|
Article Excerpt I was conscious that there were many more experienced and more
knowledgeable Nigerians in exile, yet I was the name and the face that the world's media came to for analysis of the situation there. Was I going to remain in exile forever, adrift from home and the rest of my family? Was I going to spend the rest of my life talking about a country that was receding further and further into the depths of my memory?--Ken Wiwa, In the Shadow of a Saint: A Son's Journey to Understanding his Father's Legacy
On 10 November 1995, the Nigerian military government executed nine men who subsequently became known as the Ogoni Nine: Baribo Bera, Saturday Dbee, Nordu Eawo, Daniel Gbokoo, Barinem Kiobel, John Kpuinen, Paul Levura, Felix Nwate, and Ken Saro-Wiwa. In the ensuing weeks, the expressions of outrage that emerged collated around the name and face of the writer and environmental activist Ken Saro-Wiwa. Five years later, Ken Wiwa, the son of the activist, reviewed that outpouring as a "canonization" of his father in public opinion: "My father's death was front-page news around the world [and a] man whom few had heard of twenty-four hours earlier was suddenly invested with a mythic quality, and his campaign against Shell Oil and a ruthless military regime was being touted as a morality tale for the twentieth century" (Son's 2). Canonization, as Wiwa describes it, summarizes converging complex processes of mediation. Wiwa's "mythic quality" circumscribes the resulting transfiguration constituted through public demonstrations and media campaigns. The "lightning rod" effect of Saro-Wiwa's transfiguration provided transnational conduits for witnessing to a wide range of political disaffection with the Nigerian military government, the struggle for a transition to democratic civil rule, the environmental cause that Ken Saro-Wiwa fought for, and a worldwide opposition to Shell BP's business practices in Nigeria. Just as the execution of Ken Saro-Wiwa "stands in" for the death of the Ogoni Nine, Saro-Wiwa's specific death is embedded in an extensive system of symbolization through multiple claims to his symbolic legacy. Transfiguration, in this case, functions as a mode of claiming the mediated aftermath of the execution as a vector through which to articulate ever-emerging complex subjectivities related to the wider discursive nature of the event.

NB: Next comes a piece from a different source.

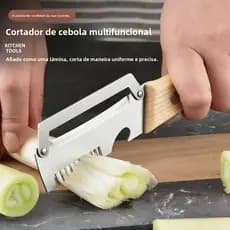 Cortador de cebola em aço inoxidável, cortador de vegetais multifuncional para uso doméstico, cortador de lula, faca de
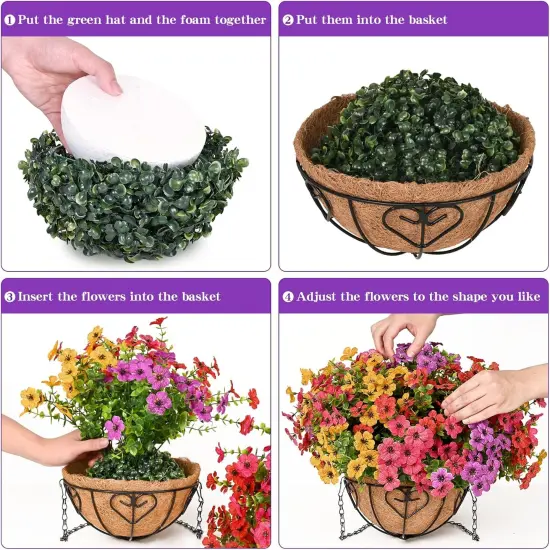 Artificial Hanging Flowers with Basket (Colorful) {3}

While recognizing the affective reactions to these deaths, commentators on the circulation of narratives about Ken Saro-Wiwa underline how the execution and the hasty secret burial have been used as prisms through which to narrativize tangible political issues. Ato Quayson, for example, considers the events around Saro-Wiwa's "activism and death [...] nodal thresholds for the analysis of a range of levels, including the historical, the political, and the literary/aesthetic, with the literary/aesthetic being used as the interstitial prism through which the other levels are refracted for discussion" (57). While Quayson's emphasis on the literary/aesthetic resonates specifically with my intentions in this paper, attention should also be given to other modes of refraction with which literature is in dialogue. In her examination of public demonstrations and Internet web sites as alternative modes of refraction, Misty L. Bastian suggests that Wiwa's missing body and person became even more potent as they passed into the realm of "imagination and advertising," creating an "omnipresent absence" constituted by an absent body but provoking a surplus of representation (133). Andrew Apter extends that insight by reading the discourse of the missing body as part of a circulation of Nigerian mythology that explains the provenance of illicit wealth and the decay of the Nigerian moral economy (141). While Bastian and Apter acknowledge the significance of symbolic economies in adding communal girth to narratives, these critics emphasize the divergent spheres of articulation, reception, and interaction. The multi-faceted nature of refraction points to the plural composition of demands and political agitators brought together in the event.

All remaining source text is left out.